In brief
- Crypto artist Beeple received the $53 million proceeds of his record-breaking NFT sale in Ethereum—and quickly exchanged it for US dollars.
- He later compared the current NFT craze to the early days of the Internet "bubble."
Upon receiving $53 million worth of Ethereum (ETH) for his record-breaking NFT art sale, crypto artist Mike Winkelmann, aka Beeple, didn’t think twice before swapping the cryptocurrency for traditional cash.
Beeple told The New Yorker on Monday that soon after he received his cut of the $69.3 million sale—minus auctioneer's fees and taxes—he became "spooked," as The New Yorker describes it, by ETH's volatility and immediately converted the whole cache into cold, hard US dollars.
“Boom, 53 million dollars in my account. Like, what the fuck,” Beeple recalled, recalling the day he received the money in Miami, where he flew on a booked private jet to celebrate. “I’m not remotely a crypto-purist. I was making digital art long before any of this shit, and if all this fucking NFT stuff went away tomorrow I would still be making digital art,” he said.

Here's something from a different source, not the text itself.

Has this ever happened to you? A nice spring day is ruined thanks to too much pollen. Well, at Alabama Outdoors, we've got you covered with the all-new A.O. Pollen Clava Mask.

Beeple’s NFT artwork, EVERYDAYS: THE FIRST 5000 DAYS, sold at Christie's auction house for a record-breaking $69.3 million on March 11. The artwork sparked a bidding war which saw Tron founder Justin Sun lose out at the last minute to pseudonymous NFT collector Metakovan, subsequently unmasked as Vignesh Sundaresan.
Beeple: NFTs 'a bubble'
Over the past few months, the NFT market has exploded in popularity, attracting ever-larger sums of money—with artists, celebrities and brands joining the NFT hype train. Just yesterday, Twitter CEO Jack Dorsey sold his first-ever tweet as an NFT for $2.9 million.
Unlike traditional cryptocurrency tokens, NFTs each containing unique identifying data. As such, NFTs can be truly one-of-a-kind (or one-of-a-small-batch), enabling them to lend scarcity to digital assets. Any piece of digital media can be attached to an NFT—just like Beeple’s $69 million artwork.

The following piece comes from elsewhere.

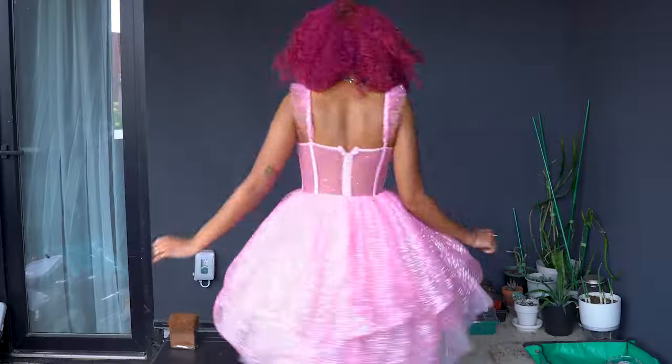If you want to be Barbie for Halloween and get those doll-like eyes and that perfect plastic skin, here's how I transformed into her. I'm starting with the Milk Hydro Grip Primer so everything stays on all night.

Beeple may have made a fortune from NFT art, but he harbors no illusions as to the current mania for non-fungible tokens. Speaking to Fox News Sunday, he said that NFT prices are "absolutely" a bubble.
“I absolutely think it’s a bubble, to be quite honest," Beeple said, likening the NFT craze to the early days of the Internet. "There was a bubble. And the bubble burst. And it wiped out a lot of crap—but it didn’t wipe out the Internet. And so the technology itself is strong enough where I think it’s going to outlive that.”